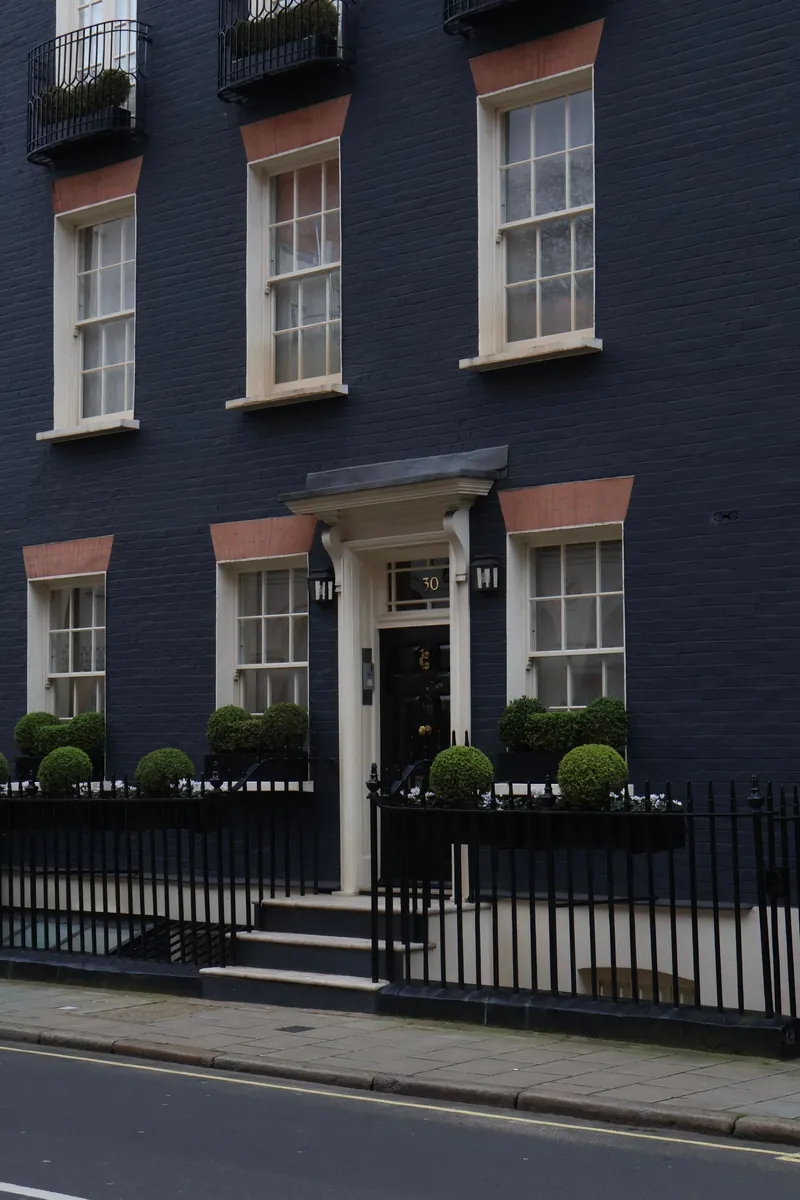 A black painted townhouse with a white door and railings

---

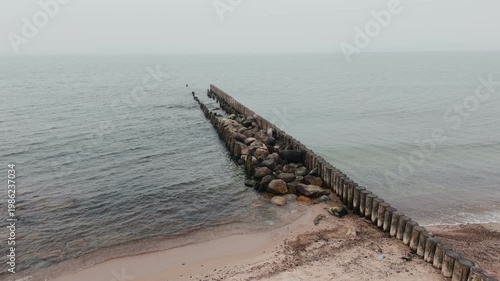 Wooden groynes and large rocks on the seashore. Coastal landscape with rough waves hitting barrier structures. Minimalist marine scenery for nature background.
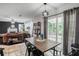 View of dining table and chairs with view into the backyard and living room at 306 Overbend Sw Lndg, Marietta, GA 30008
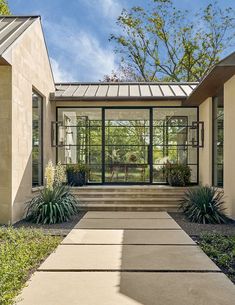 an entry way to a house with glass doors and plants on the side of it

§ **TASK REQUIREMENTS**: Start with the line with "Wooden groynes and" in the listing above and stop after the line with "an entry way". Write out exactly the lines in that stretch and no others, without pictures.

§ **EXPECTED ANSWER**:
 Wooden groynes and large rocks on the seashore. Coastal landscape with rough waves hitting barrier structures. Minimalist marine scenery for nature background.
 View of dining table and chairs with view into the backyard and living room at 306 Overbend Sw Lndg, Marietta, GA 30008
 an entry way to a house with glass doors and plants on the side of it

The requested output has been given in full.